Death row prisoner set to become second ever person executed using ‘inhumane’ new method sues Alabama

Alan Eugene Miller is set to be the second person to face the controversial execution method

A death row prisoner set to become the second person to be executed using nitrogen gas in a controversial execution method has filed a lawsuit against the state of Alabama.

Back in January, Kenneth Eugene Smith was executed at Holman Correctional Facility, Alabama.

This new execution method involved the use of nitrogen hypoxia, in which the inmate breathes in nitrogen through a respirator placed over their nose and mouth - killing them as a result of oxygen deprivation.

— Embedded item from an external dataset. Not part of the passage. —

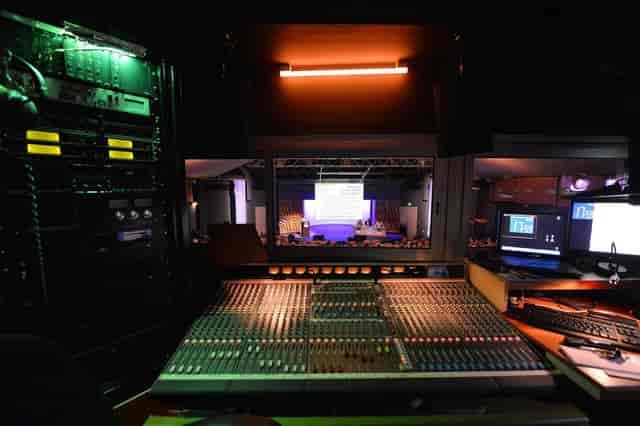 Event control room with audio-visual technology in Aix-en-Provence Congress Centre.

The state attorney's general office said at a court hearing in December that the execution method would 'cause unconsciousness within seconds, and cause death within minutes'.

In a final statement before his passing, Smith said: "Tonight Alabama causes humanity to take a step backwards. … I’m leaving with love, peace and light."

He then made the 'I love you sign' with his hands toward family members who were present, before concluding: "Thank you for supporting me. Love, love all of you."

Now, Alan Eugene Miller, 57, is facing the same execution method after surviving an attempted execution by lethal injection in 2022 after it went past the midnight deadline.

Miller was sentenced to death in 1999 for the killing of Terry Jarvis, Lee Holdbrooks and Scott Yancy.

Alan Eugene Miller.
Alabama Department of Corrections

On February 21, Alabama filed a request to set a date for Miller's execution by nitrogen gas.

However, his attorneys, who filed the lawsuit on Friday (March 29), are fighting against the use of the execution method after Smith 'writhed and convulsed' during his execution.

They also allege the state wants to 'silence' Miller for speaking out against his failed execution attempt, calling it a violation of his free speech and due process rights.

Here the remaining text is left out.